Art as Idea
JS: Why did you stop this painting? Was it the limit of the wall?
HS: Exclusively. I wished I had had an enormous studio—or a sky! I used to dream of doing sky paintings with airplanes. I would have liked that very much. You know? Skywriting. Just imagining, it's already good.
JS: You are now a conceptual artist.
HS: Well, now I do that all the time. I do my best work now.
JS: By imagining.
HS: Only in my imagination [laughs].
JS: Starting in the ‘60s, you lived in Long Island.
HS: I spent between the beginning of May to the middle of October in a little place where I worked. I was not really a recluse, but I saw others not much.
JS: The reason?
HS: To keep my energy for my work, and to do what I liked to do in my first life: to draw and to read, my great pleasures in life. Chatting at parties with a drink—I don't have that kind of gregariousness.
JS: Would you like to tell me about your studio?
HS: Well, it's my bedroom, which is where I did my last drawings. December 1, 2004: that drawing on the easel is the drawing I did that day, of the stroke in the evening. It's a reminder.
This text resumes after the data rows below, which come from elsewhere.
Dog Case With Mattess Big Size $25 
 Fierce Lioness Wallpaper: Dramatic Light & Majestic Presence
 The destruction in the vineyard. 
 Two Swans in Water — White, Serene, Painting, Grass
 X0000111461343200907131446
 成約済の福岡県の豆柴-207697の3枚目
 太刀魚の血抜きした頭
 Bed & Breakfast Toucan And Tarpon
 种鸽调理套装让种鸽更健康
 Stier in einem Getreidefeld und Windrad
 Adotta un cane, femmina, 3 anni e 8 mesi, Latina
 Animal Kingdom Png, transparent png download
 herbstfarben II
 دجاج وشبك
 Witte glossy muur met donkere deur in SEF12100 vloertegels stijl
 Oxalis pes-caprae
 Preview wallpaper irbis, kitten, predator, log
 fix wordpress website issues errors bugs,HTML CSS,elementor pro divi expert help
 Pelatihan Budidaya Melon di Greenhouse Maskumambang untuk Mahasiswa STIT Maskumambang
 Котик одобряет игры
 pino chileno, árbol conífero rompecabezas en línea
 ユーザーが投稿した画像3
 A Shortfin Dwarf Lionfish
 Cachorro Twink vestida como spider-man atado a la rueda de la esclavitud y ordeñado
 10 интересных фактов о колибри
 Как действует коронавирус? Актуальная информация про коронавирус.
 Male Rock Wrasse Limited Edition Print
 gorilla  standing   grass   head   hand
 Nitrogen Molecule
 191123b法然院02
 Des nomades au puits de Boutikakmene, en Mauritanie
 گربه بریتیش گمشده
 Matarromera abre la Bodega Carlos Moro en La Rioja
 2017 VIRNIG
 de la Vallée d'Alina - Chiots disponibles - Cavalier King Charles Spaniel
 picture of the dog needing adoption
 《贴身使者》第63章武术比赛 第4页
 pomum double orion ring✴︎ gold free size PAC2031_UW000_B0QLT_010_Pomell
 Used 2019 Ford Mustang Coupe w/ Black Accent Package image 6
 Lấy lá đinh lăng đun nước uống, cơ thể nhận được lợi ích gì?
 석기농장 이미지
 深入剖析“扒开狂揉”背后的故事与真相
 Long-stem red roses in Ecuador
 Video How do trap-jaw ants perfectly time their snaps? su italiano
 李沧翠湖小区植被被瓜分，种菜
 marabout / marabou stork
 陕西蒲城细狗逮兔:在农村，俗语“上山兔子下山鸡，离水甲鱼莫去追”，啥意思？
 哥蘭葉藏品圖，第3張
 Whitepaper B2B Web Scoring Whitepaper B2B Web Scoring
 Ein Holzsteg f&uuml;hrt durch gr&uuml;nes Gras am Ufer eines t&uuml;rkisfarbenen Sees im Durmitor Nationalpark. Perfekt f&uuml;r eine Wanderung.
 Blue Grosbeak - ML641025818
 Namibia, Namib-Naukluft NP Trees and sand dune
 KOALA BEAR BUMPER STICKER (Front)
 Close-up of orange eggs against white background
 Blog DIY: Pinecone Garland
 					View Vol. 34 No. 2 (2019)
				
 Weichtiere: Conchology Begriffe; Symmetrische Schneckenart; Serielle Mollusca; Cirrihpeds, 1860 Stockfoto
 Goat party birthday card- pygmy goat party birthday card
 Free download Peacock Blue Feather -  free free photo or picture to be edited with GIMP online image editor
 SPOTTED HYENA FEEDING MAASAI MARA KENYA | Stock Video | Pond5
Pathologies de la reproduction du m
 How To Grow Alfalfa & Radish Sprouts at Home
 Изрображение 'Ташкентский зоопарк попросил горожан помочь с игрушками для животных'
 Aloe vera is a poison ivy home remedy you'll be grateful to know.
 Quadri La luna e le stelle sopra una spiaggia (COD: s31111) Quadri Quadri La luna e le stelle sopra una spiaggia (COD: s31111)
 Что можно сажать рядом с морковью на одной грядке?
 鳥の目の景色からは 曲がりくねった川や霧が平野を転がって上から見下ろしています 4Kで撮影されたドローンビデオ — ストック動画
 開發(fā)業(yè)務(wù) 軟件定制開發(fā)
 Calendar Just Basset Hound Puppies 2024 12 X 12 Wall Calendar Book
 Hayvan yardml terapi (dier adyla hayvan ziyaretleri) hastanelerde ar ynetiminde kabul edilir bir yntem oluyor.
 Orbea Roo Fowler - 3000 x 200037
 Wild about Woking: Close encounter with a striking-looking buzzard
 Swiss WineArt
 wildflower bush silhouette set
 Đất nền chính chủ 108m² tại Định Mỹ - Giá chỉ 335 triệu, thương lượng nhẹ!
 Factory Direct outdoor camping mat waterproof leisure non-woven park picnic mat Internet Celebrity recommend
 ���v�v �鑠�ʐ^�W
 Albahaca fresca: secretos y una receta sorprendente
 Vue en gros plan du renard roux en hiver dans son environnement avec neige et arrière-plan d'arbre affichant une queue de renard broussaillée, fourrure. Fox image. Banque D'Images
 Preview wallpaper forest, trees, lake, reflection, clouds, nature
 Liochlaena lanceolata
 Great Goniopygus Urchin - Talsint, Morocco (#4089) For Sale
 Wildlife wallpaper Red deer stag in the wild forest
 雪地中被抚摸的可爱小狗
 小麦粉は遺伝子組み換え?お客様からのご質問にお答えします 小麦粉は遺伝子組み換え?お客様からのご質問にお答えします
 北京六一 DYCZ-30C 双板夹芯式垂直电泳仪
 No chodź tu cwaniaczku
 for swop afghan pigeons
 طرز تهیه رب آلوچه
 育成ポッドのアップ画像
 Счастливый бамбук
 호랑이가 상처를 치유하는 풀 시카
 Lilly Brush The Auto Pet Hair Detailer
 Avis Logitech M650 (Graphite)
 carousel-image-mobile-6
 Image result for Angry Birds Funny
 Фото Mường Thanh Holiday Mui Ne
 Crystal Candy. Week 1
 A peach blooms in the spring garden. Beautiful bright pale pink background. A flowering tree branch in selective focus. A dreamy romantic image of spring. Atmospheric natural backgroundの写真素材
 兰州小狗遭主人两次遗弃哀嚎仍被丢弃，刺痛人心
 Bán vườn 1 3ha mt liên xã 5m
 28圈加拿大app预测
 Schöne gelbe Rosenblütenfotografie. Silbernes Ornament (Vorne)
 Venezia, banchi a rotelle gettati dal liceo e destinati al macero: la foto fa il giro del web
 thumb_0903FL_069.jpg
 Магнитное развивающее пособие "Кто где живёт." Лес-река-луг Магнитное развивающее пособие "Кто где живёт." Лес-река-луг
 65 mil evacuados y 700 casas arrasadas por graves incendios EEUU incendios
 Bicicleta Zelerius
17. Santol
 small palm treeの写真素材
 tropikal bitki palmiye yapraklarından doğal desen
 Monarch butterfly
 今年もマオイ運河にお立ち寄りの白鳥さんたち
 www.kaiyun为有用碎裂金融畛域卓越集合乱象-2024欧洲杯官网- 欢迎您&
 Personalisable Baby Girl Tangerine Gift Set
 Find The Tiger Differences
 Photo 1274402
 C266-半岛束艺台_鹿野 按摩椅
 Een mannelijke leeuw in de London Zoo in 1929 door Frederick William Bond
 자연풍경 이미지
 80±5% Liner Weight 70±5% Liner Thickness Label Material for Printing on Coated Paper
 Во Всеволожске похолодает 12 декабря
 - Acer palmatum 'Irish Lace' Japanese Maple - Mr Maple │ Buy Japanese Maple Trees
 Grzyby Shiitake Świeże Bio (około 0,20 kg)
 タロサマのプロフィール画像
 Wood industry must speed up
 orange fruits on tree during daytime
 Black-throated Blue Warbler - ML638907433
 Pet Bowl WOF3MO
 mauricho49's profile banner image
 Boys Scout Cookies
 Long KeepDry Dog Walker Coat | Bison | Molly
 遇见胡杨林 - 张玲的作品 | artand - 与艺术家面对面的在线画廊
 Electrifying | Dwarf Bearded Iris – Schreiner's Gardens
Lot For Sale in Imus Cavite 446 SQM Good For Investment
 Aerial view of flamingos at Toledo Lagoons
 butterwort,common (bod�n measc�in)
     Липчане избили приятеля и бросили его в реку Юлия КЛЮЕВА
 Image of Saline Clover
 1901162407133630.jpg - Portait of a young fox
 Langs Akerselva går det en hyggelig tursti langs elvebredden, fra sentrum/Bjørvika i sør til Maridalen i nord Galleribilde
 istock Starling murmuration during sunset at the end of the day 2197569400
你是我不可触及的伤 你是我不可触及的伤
That's where I worked the last days of my working life.
JS: There are many works by other artists in the room where we are sitting. Tell me how you first got to know the work of Mary Miss.
HS: We became friends about 16 years ago. I met her through a friend. I immediately became interested in Mary because when she had a show, she took the first money she ever made and went trekking in the Himalayas. Walking. And I was very intrigued by her, a very interesting and very beautiful woman, and a good artist.
JS: What is it about her work that interests you?
HS: Technique. And the fact that it's not sold by dealers. That she is in touch the way one was in touch. People wanted a portrait, they went to the artist. You know that dealership is only about a hundred years old. And the way she does it is so vital, and so authentic. People who need her work come to her. She is a public artist, you know?
JS: Tell me about the Marcia Hafif drawing. When did you first see her work?
HS: I met her in Mary's studio.
JS: That one on the wall is by John Graham, and another is by Richard Lindner. What are these? With all the signatures?
HS: These are the diplomas that Saul made. Fake diplomas. This one over the stove is my cooking diploma. And that one over the sink is my dishwashing diploma.
JS: Were you friends with Ray Johnson?
HS: I knew him slightly. Johnson was an interesting artist. When we met he came to the gallery—I didn't know him then—and he told me he had founded a Hedda Sterne fan club. He came and invited me, but I thought that it was a kind of putdown, so I didn't respond at all. And now I'm very sorry, because I know that that was his art.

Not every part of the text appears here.